## Exercise requirements
Copy each line of the records below that mentions the word "Shirt".

## Material supplied
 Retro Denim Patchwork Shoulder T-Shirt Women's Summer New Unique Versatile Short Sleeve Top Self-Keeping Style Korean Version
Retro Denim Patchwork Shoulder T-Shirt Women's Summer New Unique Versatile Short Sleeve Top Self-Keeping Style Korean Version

---

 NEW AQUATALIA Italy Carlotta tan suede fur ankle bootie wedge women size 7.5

...

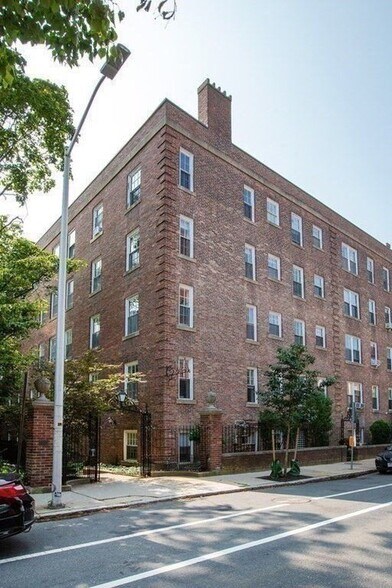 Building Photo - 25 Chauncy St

## Answer to this exercise
 Retro Denim Patchwork Shoulder T-Shirt Women's Summer New Unique Versatile Short Sleeve Top Self-Keeping Style Korean Version
Retro Denim Patchwork Shoulder T-Shirt Women's Summer New Unique Versatile Short Sleeve Top Self-Keeping Style Korean Version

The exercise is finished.